Show that $\frac{d}{dx}T_n(x)=nU_{n-1}(x)$

Question

$T_n(x)$ is a polynomial of degree $n$ such that $T_n(x)=\cos(n\cos^{-1}(x))$

(i) Show that $T_2(x)=2x^2-1$ and $T_3(x)=4x^3-3x$

(ii) Show that $T_{n+1}(x)=2xT_n(x)-T_{n-1}(x)$

$U_n(x)$ is an $n$ degree polynomial defined by $$U_n(x)=\frac{\sin((n+1)\theta)}{\sin\theta}$$ where $x=\cos\theta$.

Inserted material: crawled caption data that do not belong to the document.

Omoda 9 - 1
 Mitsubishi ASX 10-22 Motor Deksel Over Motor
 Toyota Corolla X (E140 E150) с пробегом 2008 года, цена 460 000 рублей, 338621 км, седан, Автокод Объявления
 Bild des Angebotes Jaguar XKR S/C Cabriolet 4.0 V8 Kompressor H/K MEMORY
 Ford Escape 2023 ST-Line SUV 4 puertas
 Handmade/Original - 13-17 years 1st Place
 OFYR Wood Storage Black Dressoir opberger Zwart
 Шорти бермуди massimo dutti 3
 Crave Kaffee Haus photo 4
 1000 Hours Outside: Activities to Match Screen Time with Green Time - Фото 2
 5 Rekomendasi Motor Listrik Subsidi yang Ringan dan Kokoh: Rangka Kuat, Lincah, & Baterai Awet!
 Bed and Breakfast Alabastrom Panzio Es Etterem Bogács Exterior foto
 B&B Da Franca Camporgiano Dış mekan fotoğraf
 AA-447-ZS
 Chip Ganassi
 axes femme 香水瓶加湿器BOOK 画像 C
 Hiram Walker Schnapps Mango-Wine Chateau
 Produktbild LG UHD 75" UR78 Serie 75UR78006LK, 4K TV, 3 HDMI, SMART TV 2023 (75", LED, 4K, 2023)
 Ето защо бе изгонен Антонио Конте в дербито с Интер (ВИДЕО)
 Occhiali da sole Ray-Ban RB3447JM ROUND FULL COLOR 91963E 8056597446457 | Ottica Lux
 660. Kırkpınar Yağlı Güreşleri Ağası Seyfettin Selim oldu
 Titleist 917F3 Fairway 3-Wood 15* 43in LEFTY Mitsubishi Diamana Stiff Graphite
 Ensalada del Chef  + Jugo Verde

(iii) Show that $$\frac{d}{dx}T_n(x)=nU_{n-1}(x)$$

(iv) Show that $$\frac{d}{dx}U_{n-1}(x)=\frac{xU_{n-1}(x)-nT_n(x)}{1-x^2}$$

I'm having a lot of problems with part (iii). I typed out part (ii) because I thought perhaps the result from part (ii) maybe be cleverly used to solve part (iii). Differentiating $T_n(x)$ would yield an algebraic expression in $x$. On the other hand, $nU_{n-1}(x)$ is in $\theta$ unless we explicitly express $U_n(x)$ in $x$ which would be very troublesome because there is no simple way of expressing $\sin n\theta$ in terms of $\cos\theta$ and therefore $x$. Some help would be of great help thank you!

[I don't need help with part (i) and (ii)]

Answer 1

Hints:

Since $$ T_n(x)=\cos(n\arccos(x)), $$ we can differentiate $T_n(x)$ with respect to $x$ to get $$ \frac{d}{dx}T_n(x)=-\sin(n\arccos(x))\cdot n\cdot \left(-\frac{1}{\sqrt{1-x^2}}\right)=\frac{n\sin(n\arccos(x))}{\sqrt{1-x^2}} $$

On the other hand, $$ nU_{n-1}(x)=n\cdot\frac{\sin(n\arccos(x))}{\sin(\arccos x)}. $$

Therefore, all you need to do is to show that

$\sin(\arccos x)=\sqrt{1-x^2}.$

This can be done by

drawing an appropriate right triangle (one leg has length $x$ while the hypotenuse has length $1$).